While it is more dangerous in a crowded street, it is so only because there are more persons to be injured, but as to each person it is but slightly more dangerous than to one of the smaller number in a less crowded locality. Speeding is dangerous because of the locality. The drunken driver is a danger in any locality, if there are persons present to be injured.

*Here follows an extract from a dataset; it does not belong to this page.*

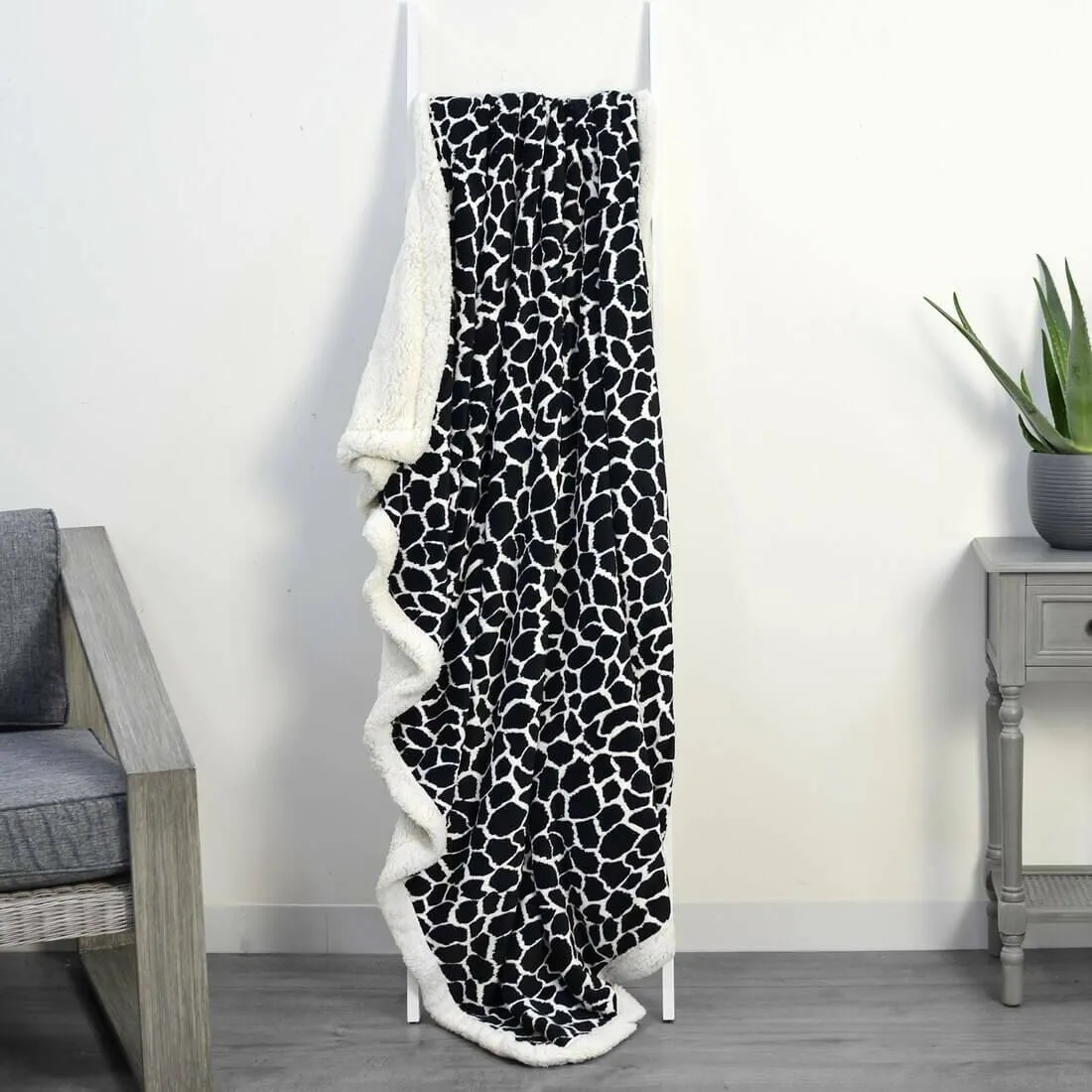 Animal Print Fleece Blanket With Sherpa Trim 2 Sizes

The fact that he is a menace to life and to private property justifies the state in prescribing penalties for the act, just as it may do for violations of general sanitary, health and comfort laws. A manslaughter committed by an intoxicated driver in driving his vehicle over a victim is as much punishable by the state when committed on the streets of a city as if committed elsewhere. A vast number of acts are made punishable by the Penal Code because their commission involves a general menace to the public, even though in their commission, no person is injured. It is a felony for an intoxicated trainman to run a railroad train. A druggist must take certain precautions in selling poisonous drugs; it is a misdemeanor to carry concealed weapons or to leave a campfire burning and unattended. These cases and dozens of others that could be enumerated demonstrate that the state, in the exercise of its sovereign power and for the protection of its people, has authority to interdict on the public highways in every part of the state the driving of a motor or other vehicle by an intoxicated person. [4] It is a fundamental rule that the state may by appropriate penalties protect life, liberty, property, and the public peace in every part of its territory. And, except as to matters of *147 purely municipal concern, it may extend this protection to the denizens of crowded cities the same as to those in rural districts.
Our conclusion is that the act charged against the petitioner is punishable under section 17 of the Motor Vehicle Act.
The petition is dismissed.
Hart, J., and Burnett, J., concurred.
A petition to have the cause heard in the supreme court, after judgment in the district court of appeal, was denied by the supreme court on August 9, 1920.
All the Justices concurred, except Sloane, J., who was absent.